Resilience isn’t about simply being able to weather changes. A different form of resilience may prioritize being agile and adaptable, which can be difficult to focus on when merely focusing on survival. A defensive M&A strategy can help to build this resilience in a few ways: delivering value, optimizing portfolios, and strengthening positioning.

For example, supply chain issues have been a recurring challenge over the past couple of years. To address that, a company could consider an acquisition of a supplier. This happened recently in response to the global semiconductor chip shortage crisis. A major chipmaker acquired a specialist chip contract manufacturer to boost production capacity and secure its customer base.

Companies could also seize on opportunities through co-investment and partnerships, including with private equity firms. This kind of collaboration can facilitate transformation by pooling resources and expertise, which in turn helps to build resilience.

Similarly, offensive strategies are also a way to capitalize on opportunities. However, an offensive strategy is grounded in gaining momentum rather than building resilience. Corporations could do that by transforming business models, collaborating to stay competitive, and capitalizing on cross-sector convergence. Many opportunities nowadays need to be considered through the lens of whether to build, buy, or collaborate to achieve a goal. These dynamics have pushed the expansion of the scope of traditional M&A strategies to include collaborative structures, partnerships, and other configurations.

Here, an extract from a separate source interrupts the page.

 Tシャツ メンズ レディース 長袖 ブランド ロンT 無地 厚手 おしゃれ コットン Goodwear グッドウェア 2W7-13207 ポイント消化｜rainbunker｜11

For instance, environmental, social, and governance (ESG) goals often can’t be achieved unilaterally and demand collaboration; it can take multiple collaborators to make an impact. A useful example of this is the decarbonization of the aviation industry. To tackle this goal, an aircraft manufacturer, industrial gas supplier, and airport operator formed an alliance to promote the use of hydrogen infrastructure. Although this isn’t necessarily an example of a traditional merger or acquisition, it captures the positive potential of this broadened vision of M&A.

Disruption and you

The geopolitical tensions and economic challenges of the past few years will likely continue to affect how people do business. But change has always been a catalyst for opportunity, and M&A activities can facilitate transformative change. By building resilience and momentum, mergers and acquisitions can give businesses a chance to face the unknown with the tools to thrive.